When James Butler Hickok walked into Saloon No. 10 in Deadwood on the afternoon of August 1, 1876, he wasn’t carrying a lawman’s badge or riding high on a hero’s welcome. He was tired. His eyesight was failing. His gambling luck had soured. And worst of all, he sat with his back to the door. That would prove fatal. Within moments, a drifter named Jack McCall would fire a pistol into the back of Hickok’s head, ending the life of one of the most famous figures of the American frontier.

Wild Bill Hickok’s death has become legend. So has much of his life. But between the dime novels and the Deadwood reenactments, there’s a real man worth knowing. One who didn’t always fit the myth.
James Hickok was born in 1837 in Homer, Illinois. The place is called Troy Grove now. His father, William Alonzo Hickok, was an abolitionist who ran a stop on the Underground Railroad. The family had deep roots in New England and revolutionary blood. James grew up with a strong sense of justice and a sharper eye for trouble.

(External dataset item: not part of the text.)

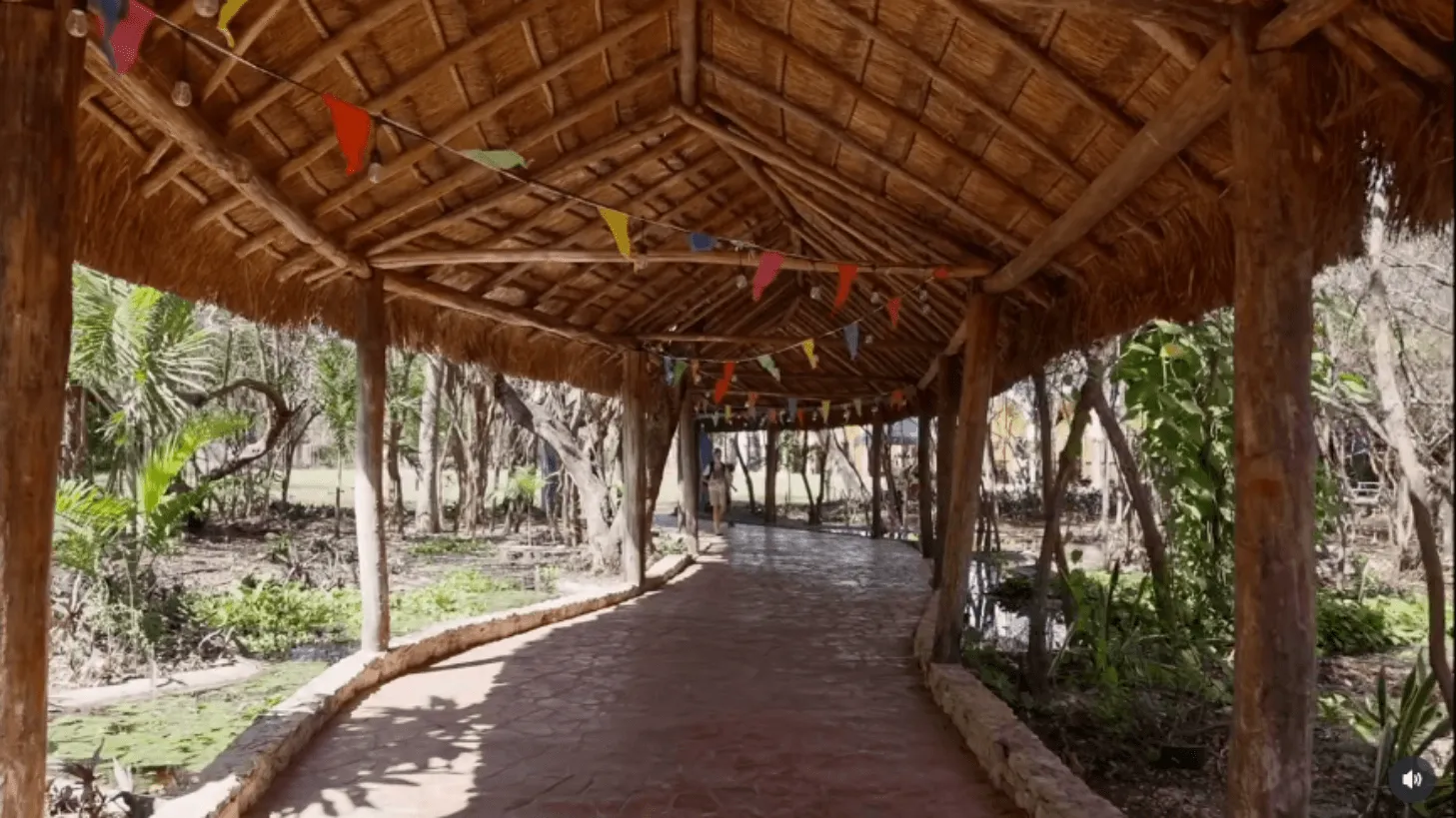 KOKAI Academy Gallery Photo 5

By the time he was eighteen, Hickok had tangled with a man in a canal brawl. Both thought they’d killed the other. Neither had. But James fled west anyway. He started using aliases, eventually landing on “Wild Bill,” a name that stuck tighter than a burr in buckskin.
His first brush with lasting fame came at Rock Creek Station, Nebraska, in 1861. He was working for the Pony Express outfit when David McCanles came to collect on an unpaid debt. Accounts differ wildly. Some say McCanles was armed and dangerous. Others suggest he was just a loud creditor. Either way, three men ended up dead, and Hickok’s name began to circulate as a deadly shot who didn’t hesitate.

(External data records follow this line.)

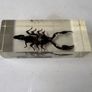 Vintage encapcilated scorpion in resin Image 5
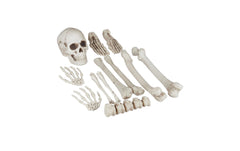relaxdays | Dekoknochen Halloween | 12-teiliges Set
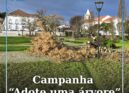 Castelo Branco lança campanha “Adote uma Árvore” para reflorestação do concelho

That incident gave rise to the legend. And Wild Bill fed it. In 1867, a journalist named George Ward Nichols published an article that claimed Hickok had personally killed hundreds. The real number was likely closer to six.
Still, Hickok leaned into the persona. He wore embroidered shirts, posed for photographs, and took part in shows that blurred entertainment and reality. For a short time, he even shared the stage with Buffalo Bill Cody and Texas Jack Omohundro.
The Civil War gave Hickok a job as a Union scout and occasional spy. After the war, he moved into law enforcement in Kansas, where things got violent in a hurry.
In Springfield in 1865, he faced down Davis Tutt in a town-square shootout over a gambling debt and a pocket watch. That single bullet — Hickok’s — struck Tutt in the heart. It was the classic “Wild West duel,” and it cemented Hickok’s place in frontier folklore.
As marshal of Hays and later Abilene, Hickok killed several men, including Phil Coe, a saloon owner with a vendetta. Tragically, after shooting Coe, Hickok turned and fired again, accidentally killing his own deputy, Mike Williams. That mistake followed him for the rest of his life.
By the 1870s, Hickok was wearing out. His vision was getting worse. He had eye trouble that may have been syphilitic in nature or perhaps chronic trachoma. Either way, it was bad enough that he couldn’t shoot with the same precision. He drifted. Took odd jobs. Gambled. Got arrested for vagrancy. The hero of Harper’s Magazine was aging fast and fading from view.
In March 1876, he married Agnes Thatcher Lake, a widow who ran a traveling circus. They barely had time together. Hickok joined Charlie Utter’s wagon train and headed to Deadwood in the Black Hills, hoping for one last stake in the gold camps.
His health was poor, and he knew it. In a letter to Agnes shortly before his death, he wrote, “If such should be we never meet again, while firing my last shot, I will gently breathe the name of my wife — Agnes.”
Deadwood in 1876 was a rough camp filled with speculators, drunks, and outlaws. Hickok played poker in Saloon No. 10 most days. Locals said he normally sat with his back to the wall. On August 2, he couldn’t get that seat.
At 4:15 in the afternoon, Jack McCall — a nobody with a grudge — walked in and shot Hickok in the back of the head. The gambler died instantly. McCall tried to shoot others, but every remaining round in his pistol failed to fire.
Deadwood’s legends claim Wild Bill died holding the infamous “Dead Man’s Hand” — two black aces and two black eights. But that detail didn’t show up until 1926, fifty years later, in a biography that relied more on lore than fact.
Hickok was buried in Deadwood’s Mount Moriah Cemetery. His grave became a tourist stop. His image became a symbol of the Old West — sometimes righteous, sometimes ruthless, never dull.
Historians still argue over how many men he actually killed. Some called him a murderer. Others said he only drew in self-defense or in the line of duty. The truth is somewhere in the middle.
What’s clear is that Wild Bill was complicated. Vain and charming. Brave and reckless. A man of justice, and a man who made mistakes that cost lives. He died not in a blaze of glory, but from a cheap shot to the back of the head.
There’s no tidy ending to his story. But then again, Wild Bill Hickok never fit the mold. Not in life. Not in death.
And that’s what keeps the legend alive.